Copy every line that contains the string "Trip" from the entries below.

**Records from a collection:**
[Start of section]
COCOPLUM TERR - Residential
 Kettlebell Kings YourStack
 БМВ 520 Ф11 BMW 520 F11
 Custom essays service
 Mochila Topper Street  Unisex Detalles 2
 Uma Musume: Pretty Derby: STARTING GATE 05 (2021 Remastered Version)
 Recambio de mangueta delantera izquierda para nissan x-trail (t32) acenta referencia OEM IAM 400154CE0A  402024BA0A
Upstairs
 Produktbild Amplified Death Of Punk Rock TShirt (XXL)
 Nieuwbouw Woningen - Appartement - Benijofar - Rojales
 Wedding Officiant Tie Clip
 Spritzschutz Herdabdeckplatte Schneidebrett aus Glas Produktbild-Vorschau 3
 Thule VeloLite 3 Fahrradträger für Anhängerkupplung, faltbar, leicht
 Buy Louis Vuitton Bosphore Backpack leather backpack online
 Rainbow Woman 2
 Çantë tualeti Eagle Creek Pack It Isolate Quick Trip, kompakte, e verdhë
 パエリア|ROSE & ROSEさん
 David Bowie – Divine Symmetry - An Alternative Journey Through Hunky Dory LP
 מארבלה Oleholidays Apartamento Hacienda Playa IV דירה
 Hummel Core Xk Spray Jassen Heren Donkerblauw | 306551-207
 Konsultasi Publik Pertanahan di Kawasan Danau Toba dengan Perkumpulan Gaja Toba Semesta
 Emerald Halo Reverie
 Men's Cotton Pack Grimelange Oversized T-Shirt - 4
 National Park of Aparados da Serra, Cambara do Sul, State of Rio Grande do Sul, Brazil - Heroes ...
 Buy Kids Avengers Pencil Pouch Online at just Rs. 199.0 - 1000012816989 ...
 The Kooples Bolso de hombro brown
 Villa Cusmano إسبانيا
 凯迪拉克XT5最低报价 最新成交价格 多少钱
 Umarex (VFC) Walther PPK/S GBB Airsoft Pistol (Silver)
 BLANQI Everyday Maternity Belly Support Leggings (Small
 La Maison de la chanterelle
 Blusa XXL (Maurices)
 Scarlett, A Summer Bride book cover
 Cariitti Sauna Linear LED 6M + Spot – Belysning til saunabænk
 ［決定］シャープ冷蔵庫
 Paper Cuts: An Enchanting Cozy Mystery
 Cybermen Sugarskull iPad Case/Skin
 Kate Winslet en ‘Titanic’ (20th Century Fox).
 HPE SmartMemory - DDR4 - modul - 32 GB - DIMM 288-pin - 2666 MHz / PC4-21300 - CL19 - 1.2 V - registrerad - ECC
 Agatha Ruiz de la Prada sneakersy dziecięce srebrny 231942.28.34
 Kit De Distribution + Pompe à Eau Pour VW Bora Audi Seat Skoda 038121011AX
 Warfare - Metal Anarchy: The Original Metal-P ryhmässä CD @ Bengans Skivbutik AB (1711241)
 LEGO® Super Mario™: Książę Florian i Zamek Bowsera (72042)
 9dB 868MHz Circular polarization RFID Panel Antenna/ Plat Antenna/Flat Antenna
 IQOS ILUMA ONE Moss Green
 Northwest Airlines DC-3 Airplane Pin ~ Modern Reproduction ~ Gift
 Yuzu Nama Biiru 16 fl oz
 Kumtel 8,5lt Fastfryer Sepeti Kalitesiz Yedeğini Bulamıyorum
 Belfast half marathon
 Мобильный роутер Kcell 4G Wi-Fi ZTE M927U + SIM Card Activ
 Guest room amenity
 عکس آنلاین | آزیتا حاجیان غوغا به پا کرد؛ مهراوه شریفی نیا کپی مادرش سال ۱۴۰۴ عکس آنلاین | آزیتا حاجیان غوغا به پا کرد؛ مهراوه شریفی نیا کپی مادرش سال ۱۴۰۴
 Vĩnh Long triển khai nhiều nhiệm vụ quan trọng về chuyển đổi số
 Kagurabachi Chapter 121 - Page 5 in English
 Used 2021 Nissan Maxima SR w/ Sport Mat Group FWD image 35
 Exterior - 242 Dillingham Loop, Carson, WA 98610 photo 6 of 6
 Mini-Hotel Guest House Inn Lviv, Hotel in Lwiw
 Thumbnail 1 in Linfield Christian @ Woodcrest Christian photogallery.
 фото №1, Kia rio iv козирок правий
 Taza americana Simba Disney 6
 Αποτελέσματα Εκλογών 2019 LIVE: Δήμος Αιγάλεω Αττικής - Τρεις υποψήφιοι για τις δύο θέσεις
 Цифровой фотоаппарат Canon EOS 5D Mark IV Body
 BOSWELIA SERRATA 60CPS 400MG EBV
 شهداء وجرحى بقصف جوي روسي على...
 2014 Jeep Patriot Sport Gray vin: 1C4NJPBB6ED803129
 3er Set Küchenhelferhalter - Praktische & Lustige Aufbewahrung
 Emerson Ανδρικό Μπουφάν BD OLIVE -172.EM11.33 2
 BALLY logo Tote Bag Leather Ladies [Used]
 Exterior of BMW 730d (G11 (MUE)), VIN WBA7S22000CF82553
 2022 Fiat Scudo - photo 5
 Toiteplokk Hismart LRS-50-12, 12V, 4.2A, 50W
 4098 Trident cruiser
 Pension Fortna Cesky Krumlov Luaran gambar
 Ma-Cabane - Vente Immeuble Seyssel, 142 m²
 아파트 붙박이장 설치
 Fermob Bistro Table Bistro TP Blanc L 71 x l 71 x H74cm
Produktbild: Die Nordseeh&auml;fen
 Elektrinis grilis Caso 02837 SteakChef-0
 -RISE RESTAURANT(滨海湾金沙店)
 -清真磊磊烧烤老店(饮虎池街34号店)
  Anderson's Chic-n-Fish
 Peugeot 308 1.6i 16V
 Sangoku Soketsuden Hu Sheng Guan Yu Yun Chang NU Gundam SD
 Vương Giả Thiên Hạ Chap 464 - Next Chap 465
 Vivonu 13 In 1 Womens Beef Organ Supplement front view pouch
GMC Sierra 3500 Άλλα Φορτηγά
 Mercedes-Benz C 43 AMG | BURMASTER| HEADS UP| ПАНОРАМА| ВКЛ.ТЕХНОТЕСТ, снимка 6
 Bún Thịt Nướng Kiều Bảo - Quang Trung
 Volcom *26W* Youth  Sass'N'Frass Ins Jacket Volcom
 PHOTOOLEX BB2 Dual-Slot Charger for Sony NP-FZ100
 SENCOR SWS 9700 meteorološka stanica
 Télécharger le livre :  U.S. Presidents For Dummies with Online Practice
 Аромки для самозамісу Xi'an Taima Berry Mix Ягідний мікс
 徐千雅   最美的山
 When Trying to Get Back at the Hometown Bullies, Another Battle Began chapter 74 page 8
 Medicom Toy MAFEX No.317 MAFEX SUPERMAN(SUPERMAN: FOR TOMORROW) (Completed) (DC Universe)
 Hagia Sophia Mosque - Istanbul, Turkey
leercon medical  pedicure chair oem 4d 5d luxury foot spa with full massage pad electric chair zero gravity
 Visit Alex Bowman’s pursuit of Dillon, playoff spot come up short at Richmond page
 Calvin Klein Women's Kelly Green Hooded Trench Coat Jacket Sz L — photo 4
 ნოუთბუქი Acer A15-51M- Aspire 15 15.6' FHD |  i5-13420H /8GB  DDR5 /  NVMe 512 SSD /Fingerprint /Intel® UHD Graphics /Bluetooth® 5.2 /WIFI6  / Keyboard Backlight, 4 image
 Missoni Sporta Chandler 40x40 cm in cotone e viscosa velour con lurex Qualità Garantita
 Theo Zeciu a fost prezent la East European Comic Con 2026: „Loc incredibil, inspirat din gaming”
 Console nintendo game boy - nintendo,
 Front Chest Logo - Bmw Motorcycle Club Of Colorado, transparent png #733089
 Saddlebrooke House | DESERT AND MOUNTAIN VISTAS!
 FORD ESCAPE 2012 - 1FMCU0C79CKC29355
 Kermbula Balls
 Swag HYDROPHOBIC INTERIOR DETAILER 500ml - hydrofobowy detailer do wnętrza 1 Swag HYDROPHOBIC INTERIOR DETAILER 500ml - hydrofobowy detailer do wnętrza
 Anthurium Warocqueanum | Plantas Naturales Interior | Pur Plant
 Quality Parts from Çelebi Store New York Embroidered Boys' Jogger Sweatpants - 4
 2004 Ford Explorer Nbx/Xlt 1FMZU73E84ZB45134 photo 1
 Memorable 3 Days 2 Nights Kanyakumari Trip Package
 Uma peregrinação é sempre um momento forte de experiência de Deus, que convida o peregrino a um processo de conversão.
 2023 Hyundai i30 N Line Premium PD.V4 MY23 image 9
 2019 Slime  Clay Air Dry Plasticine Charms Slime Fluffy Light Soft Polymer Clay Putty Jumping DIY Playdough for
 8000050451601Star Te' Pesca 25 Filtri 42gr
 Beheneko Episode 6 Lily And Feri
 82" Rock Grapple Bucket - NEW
[End of section]
**EXERCISE RESULT:**
 Çantë tualeti Eagle Creek Pack It Isolate Quick Trip, kompakte, e verdhë
 Memorable 3 Days 2 Nights Kanyakumari Trip Package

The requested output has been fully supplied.